The reel starts with a familiar kind of promise. A man talks about discipline and personal change, hinting at a dramatic transformation. Then, almost casually, he directs viewers to the link in his bio. The caption reads: “I used to avoid mirrors. Now I can’t believe what I see.”
That link leads to a Payhip storefront run under the name Victor Sterling, the account behind @sterlingfitness__ on Instagram. There, visitors can browse four fitness products priced between $12.99 and $19.99, including a recipe guide credited with helping lose 100 pounds (45 kg) and a twelve-week workout program.

Every single cover image appears to have been generated by artificial intelligence. There is no about page. Nowhere on the site does it disclose whether the content is AI-produced.
The reel in question has drawn 2.6 million views. Sterling’s account, by contrast, has roughly 4,000 followers, a gap that speaks less to the creator’s reach and more to the mechanics of how short-form video gets distributed.
Sterling’s operation is modest compared to what has emerged elsewhere in the AI wellness space.

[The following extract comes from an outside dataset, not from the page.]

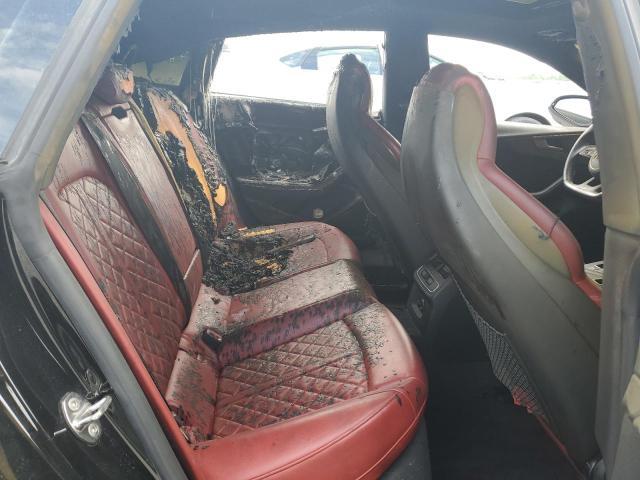 2019 Audi S5 Prestige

Earlier this year, an account operating under the names Yang Mun and Yangmug built roughly 2.4 million followers across Facebook, TikTok and Instagram in approximately three months.
The persona presented as a Chinese healing monk offering spiritual health guidance, with content aimed at health-conscious American users. Researchers who examined the account concluded that the scenery, voice, facial features, displayed characters and scripted dialogue were all AI-generated, forming what appeared to be a fully automated production pipeline.
In one widely circulated video, the character spoke directly about anxiety and used the moment to promote a paid program: “What once protected the child becomes exhaustion in the adult. Anxiety is not a brokenness. It is adaptation. It is the nervous system saying, I learned this to keep you safe. Healing does not come from fighting the system, but from slowly teaching it that survival is no longer required. This is why the 30-day healing journey exists, not to fix you, but to gently guide the body out of constant alertness, one day at a time.”
That program was priced at $49.99. The account also promoted a $10.99 ebook. Despite the account’s reach, AI disclosure notices, when they appeared at all, were reportedly small enough to miss.